Memorandum Opinion and Order- Page 1
Plaintiff alleges that the City possesses extensive records related to the July 7th attack and
its aftermath, including “videos, audio recordings, statements, notes, and other records, depicting or
otherwise documenting the shooting of Sr. Cpl. Ahrens and his injuries and suffering leading to his
death (hereinafter ‘Sensitive Death Records’).” Pl.’s Am. Compl. ¶ 9 (“Complaint”). Plaintiff
further alleges that, pursuant to the Texas Public Information Act, the media have made numerous
requests for information that include the Sensitive Death Records. Plaintiff alleges she asked the
City not to release the Sensitive Death Records, but the City refused her request. Plaintiff attaches
to her Complaint a letter dated May 2, 2017, from Assistant City Attorney James B. Pinson to Casey
Griffith, Esq., Plaintiff’s counsel, which states:
To our knowledge, the City has released no crime scene photos or other
information related to the criminal investigation regarding the sniper attack on July
7, 2016. The investigation is still pending. After the investigation is closed, any
crime scene photos that are responsive to an open records request will be reviewed
and redacted in accordance with the [Public Information Act]. The City will not
disclose any sensitive crime scene images to nonenumerated persons without seeking
an attorney general ruling on whether they are confidential under Government Code
section 552.1085. Nor will the City disclose any confidential information in the
personnel file without seeking an attorney general ruling.
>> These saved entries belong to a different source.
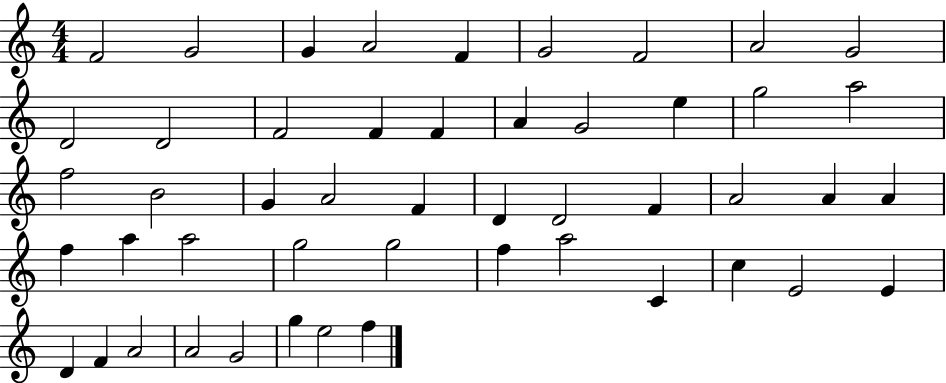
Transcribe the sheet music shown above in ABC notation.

X:1
T:Untitled
M:4/4
L:1/4
K:C
F2 G2 G A2 F G2 F2 A2 G2 D2 D2 F2 F F A G2 e g2 a2 f2 B2 G A2 F D D2 F A2 A A f a a2 g2 g2 f a2 C c E2 E D F A2 A2 G2 g e2 f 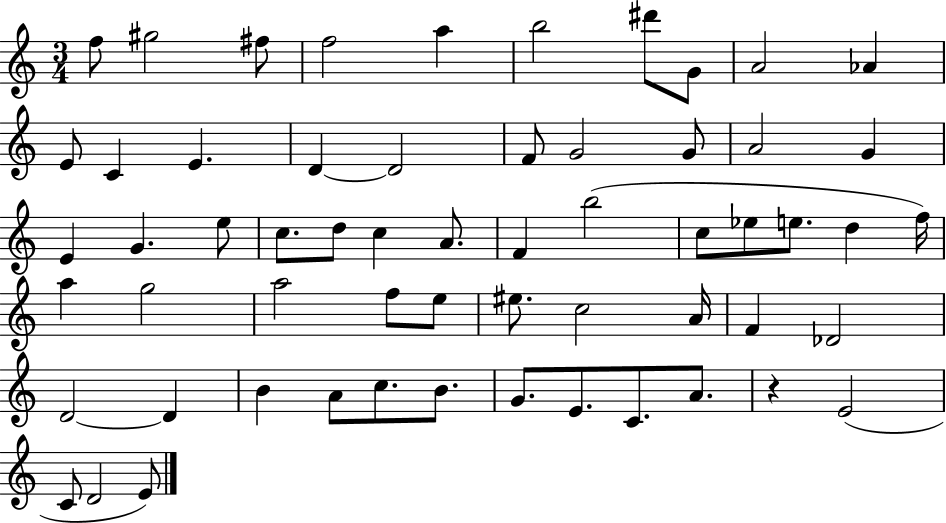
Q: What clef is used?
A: treble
Compl, Ex. A (emphasis added).
Based on these alleged fact, Plaintiff brings federal and state law claims against the City.
With respect to her federal law claim, Plaintiff alleges the City threatens to violate her substantive
due process right to privacy under the Fourteenth Amendment by publicly disclosing “Sensitive
Death Records or other material relating to Sr. Cpl. Ahrens[.]” Compl. 5. She seeks a declaratory
judgment, pursuant to the Declaratory Judgment Act, 28 U.S.C. § 2201, that she has privacy rights
under the Fourteenth Amendment in the Sensitive Death Records that prohibit the City’s disclosure
of the records in its possession. Plaintiff also asserts as pendent state law claims that the same threat
Memorandum Opinion and Order- Page 2
of disclosure violates her right to privacy under Texas Constitution article 1, her common-law right
to privacy, and her right to prohibit disclosure of confidential information under Texas Government
Code section 552.101. In addition to her request for a declaratory judgment, Plaintiff seeks
injunctive relief against disclosure and “[a]ll relief to which [she] is entitled under Tex. Govt Code
§ 552.001 et seq.” Compl. 8.
With respect to her request for a declaratory judgment and injunctive relief, Plaintiff invokes
the court’s subject matter jurisdiction under 28 U.S.C. §§ 1331 and 1343. See Compl. § 3. She also
alleges subject matter jurisdiction under 28 U.S.C. § 2201, the Declaratory Judgment Act. Id.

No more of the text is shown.